DATA BLOCK START

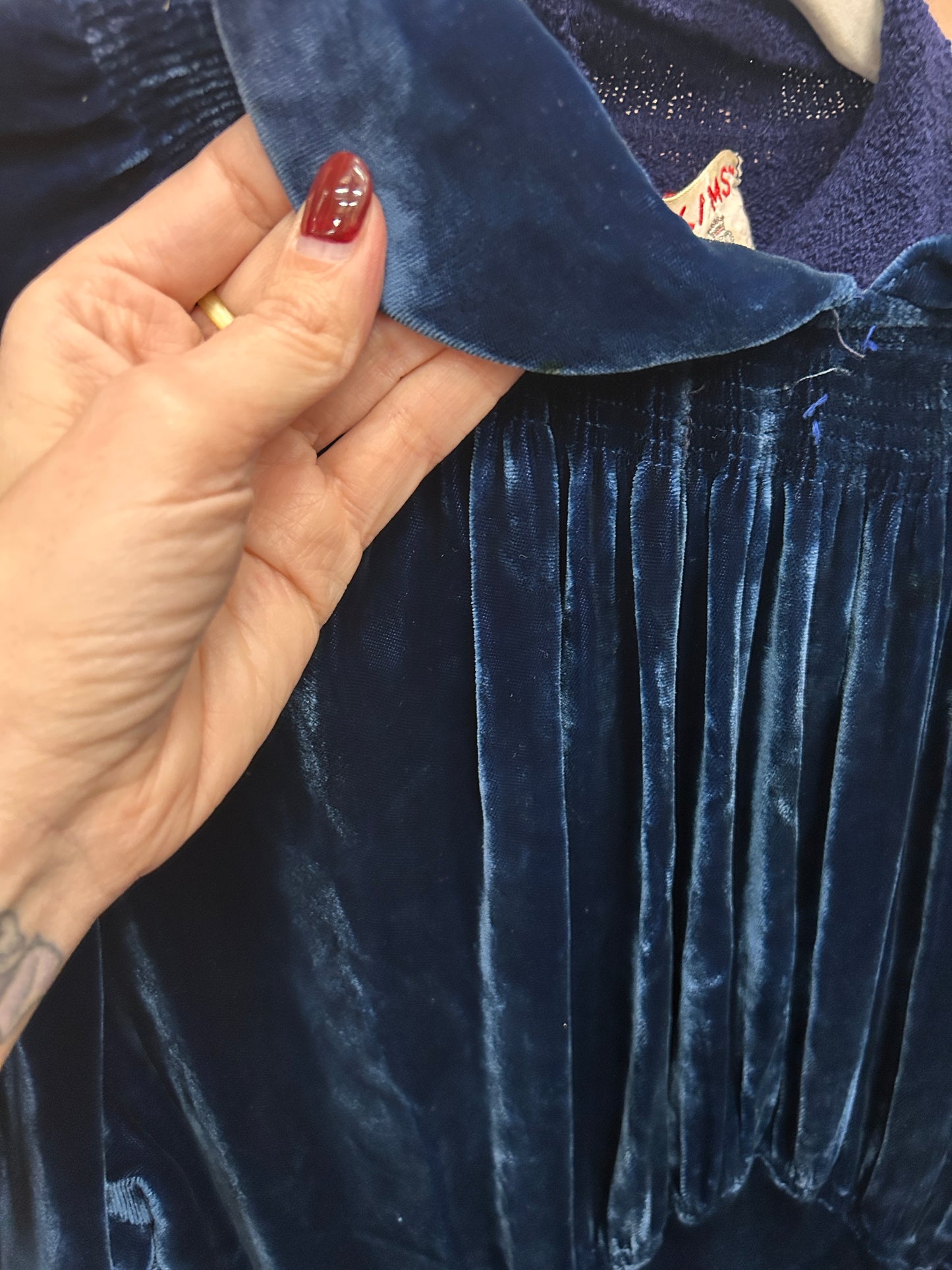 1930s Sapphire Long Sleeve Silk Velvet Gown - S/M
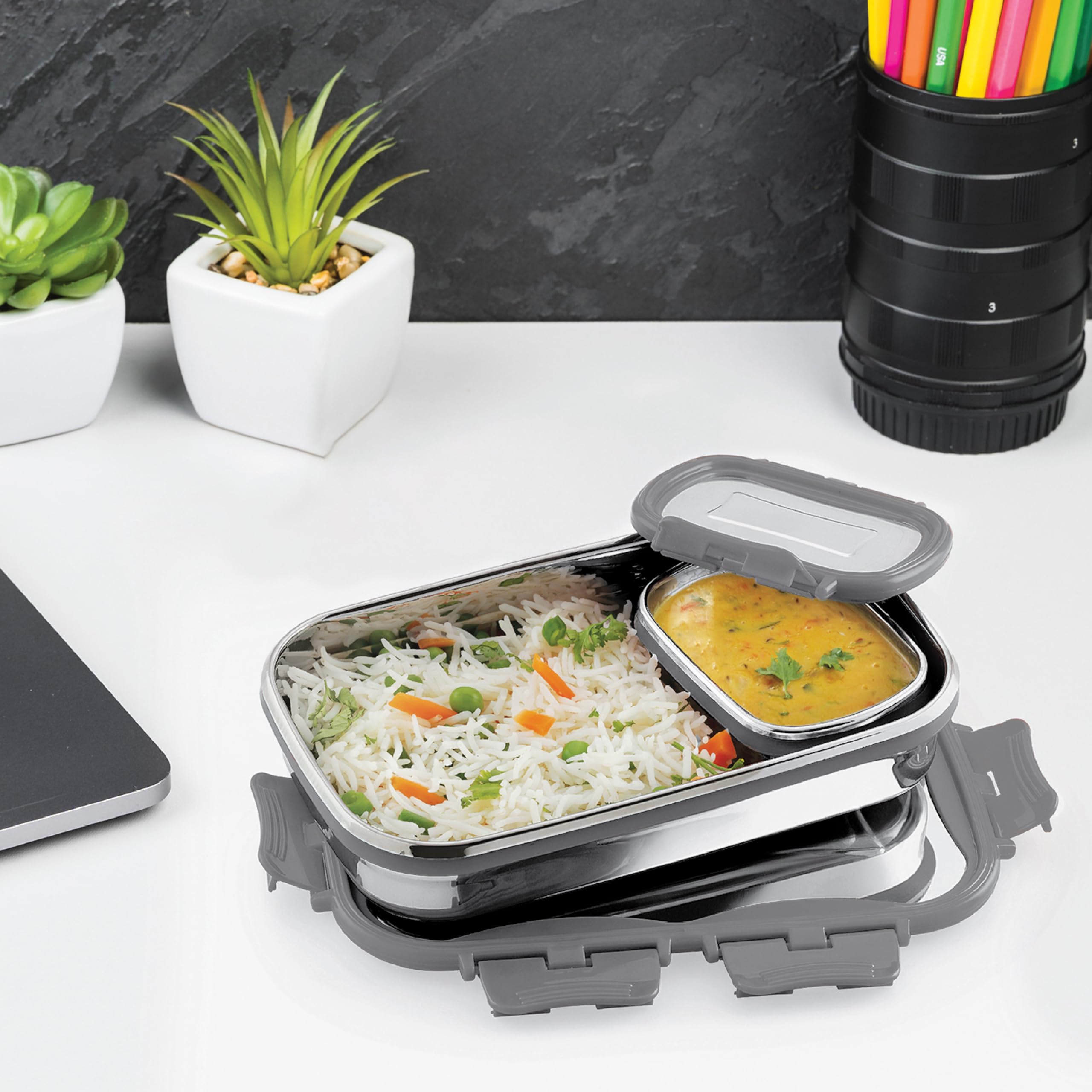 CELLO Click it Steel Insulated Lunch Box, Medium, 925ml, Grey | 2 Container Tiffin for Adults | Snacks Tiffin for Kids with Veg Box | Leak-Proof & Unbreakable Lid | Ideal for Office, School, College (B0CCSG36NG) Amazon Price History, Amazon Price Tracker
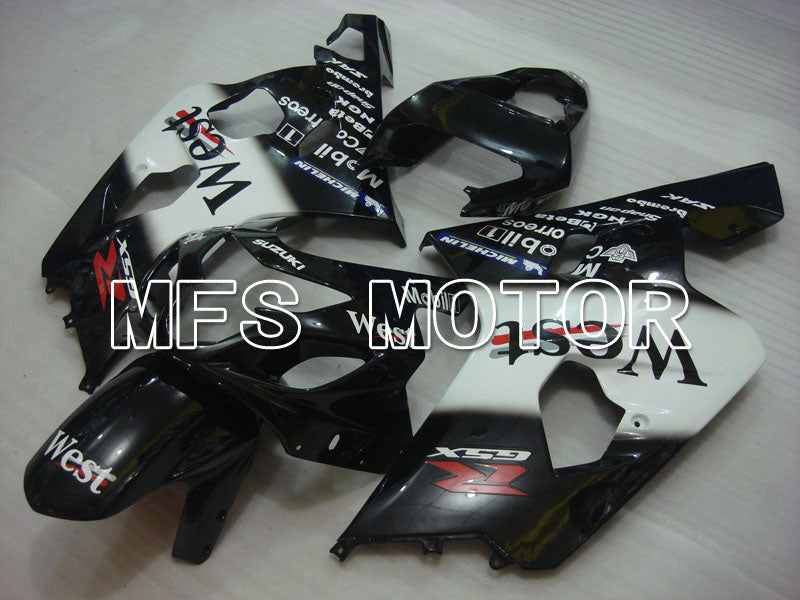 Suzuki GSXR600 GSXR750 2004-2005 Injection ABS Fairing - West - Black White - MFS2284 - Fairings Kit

DATA BLOCK END

Print the entire listing above verbatim. No picture should be included.

 1930s Sapphire Long Sleeve Silk Velvet Gown - S/M
 CELLO Click it Steel Insulated Lunch Box, Medium, 925ml, Grey | 2 Container Tiffin for Adults | Snacks Tiffin for Kids with Veg Box | Leak-Proof & Unbreakable Lid | Ideal for Office, School, College (B0CCSG36NG) Amazon Price History, Amazon Price Tracker
 Suzuki GSXR600 GSXR750 2004-2005 Injection ABS Fairing - West - Black White - MFS2284 - Fairings Kit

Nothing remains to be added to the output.